Mark Selby admitted he had to dig deep to ride out a “pathetic” start and grind past Yan Bingtao to reach the Coral Tour Championship semi-finals.
The three-time world champion lamented a rusty opening during which he fell 3-1 behind, but was pleased with how he rallied for a 9-6 victory.
Selby will face the winner of Shaun Murphy and Mark Allen in the last four, where he will be intent on sharpening up.
That''s it! @markjesterselby has booked a place in the semi-final with a 9⃣-6⃣ victory over Yan Bingtao
— ITV Sport (@ITVSport) June 22, 2020
“To be fair, the first four frames before the interval, pathetic really,” said Selby.
“But then after that I felt as though I got into the match, tried to pick up the momentum and find some tempo.
“And I felt as though from three-one to win the match nine-six, I didn’t really do too much wrong.
“Yes, I missed a few balls, but I think we’re going to.
“We’ve not played that many matches for a while.
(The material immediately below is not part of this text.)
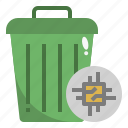 electronic waste, e waste, trash, garbage, zero waste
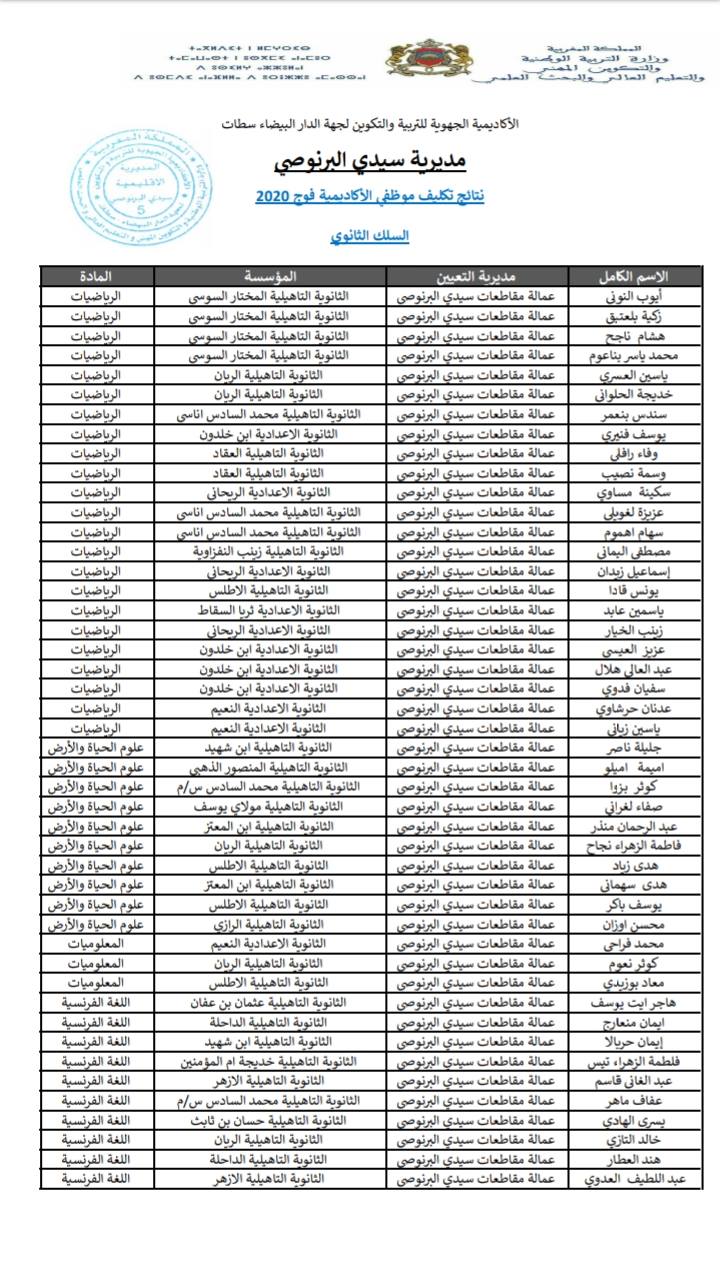 المديرية الاقليمية سيدي البرنوصي : نتائج تكليف الأساتذة موظفي الأكاديمية فوج 2020 - السلك الثانوي.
So it’s understandable, but from three-one I felt as though I played okay.
“And I’m happy enough with my performance from three-one, if you cancel out the first four frames.”
Mark Selby has booked his place in the semi finals of the @Coral Tour Championship!
Two centuries and five breaks over fifty for the three-time world champion 👊
— World Snooker Tour (@WeAreWST) June 22, 2020
Selby conceded he was fortunate to clinch the 12th frame in a “cruel” and ultimately decisive blow to Bingtao.
“The balls were going against me and Yan did well to get back in the frame,” said Selby.
“But nobody deserves to lose a frame like that, it’s a cruel way to lose it after he fought so long to get back into it.”
Selby can at least point to breaks of 99, 105 and 119 as he searches for top form.
Asked if toughing out a victory is the best route back to full sharpness, he said: “Well I hope so. I’ve been practising hard for the last week and a half, two weeks, but it counts for nothing.
“A lot of the time you’re practising on your own, you feel you’re playing okay but then you go into a match like that and you can get caught out because you’ve not had any match practice.
“So it is difficult to know where your game’s at.”